Bedouin woman turns camel milk into thriving beauty business

An Israeli Beduin woman runs a successful business making beauty products from camel milk, attracting thousands of tourists to her facility in the Negev.

Camel in the desert (photo credit: INGIMAGE)
Camel in the desert
(photo credit: INGIMAGE)
Mariam Abo-Rkeek is an Israeli Arab woman living in the desert in the south of Israel. She uses camel milk and other natural ingredients found in the desert to make beauty products.
Her range of products, called "Desert Daughter", is now a thriving business, with increasing use of camel milk.
Abo-Rkeek says camel milk offers many benefits: "Camel milk is really good for the human body. It combats redness and balances the skin. The skin gets the nutrients it requires. So, it has a lots of advantages. Certainly, it's also good when someone has illnesses like diabetes. When it comes to fighting skin problems or illnesses, camel milk is better than other milk," she said.
The products are made of natural ingredients such as desert melon, black cumin and bitter apple, and the herbs she uses are mostly locally sourced from her Beduin village of Tel Sheva.
Like many other Beduin women of her generation, Mariam Abo-Rkeek was born in a tent and raised within Beduin traditions and lifestyle.
She studied marketing in London, where she admired the fancy branded beauty products. But when her skin turned dry and flaky, she turned to her grandmother's homemade products, such as soap made from camel milk. And her skin problems cleared.

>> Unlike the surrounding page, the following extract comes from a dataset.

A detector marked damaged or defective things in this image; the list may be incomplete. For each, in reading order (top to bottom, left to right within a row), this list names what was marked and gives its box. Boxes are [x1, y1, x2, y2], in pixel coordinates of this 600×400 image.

Abo-Rkeek learnt her trade secrets from her grandmother, making healing products and medicine from plants. She uses essential oils to give the soaps and lotions a fragrance.
"Everything I sell here started with a small shop I established about 10 years ago. All the knowledge I learned from my grandmother because we had the plants, herbs and we also got the camel milk near our home. From them we produce the soap, the creams or other things for the skin," she said.
In the space that was once an animal shed, there is now a laboratory, a storage house for raw materials, a kitchen, a storefront, a lecture room and a welcome area for visitors who come to learn more about Beduin healing and her products.
Abo-Rkeek employs five other Beduin women in her company, which also conducts seminars on traditional Beduin herbs.
She gets the camel milk from local farmers and friends, as it's not easy to get the milk, because a camel has to smell its newborn baby to produce milk.
Abo-Rkeek's business is popular four tourists. She says thousands of tourists visit her every year. They are invited to try their hand at making the handmade products, and get a chance to know Beduin food and hospitality. She now wants to expand her business abroad through her new online shop.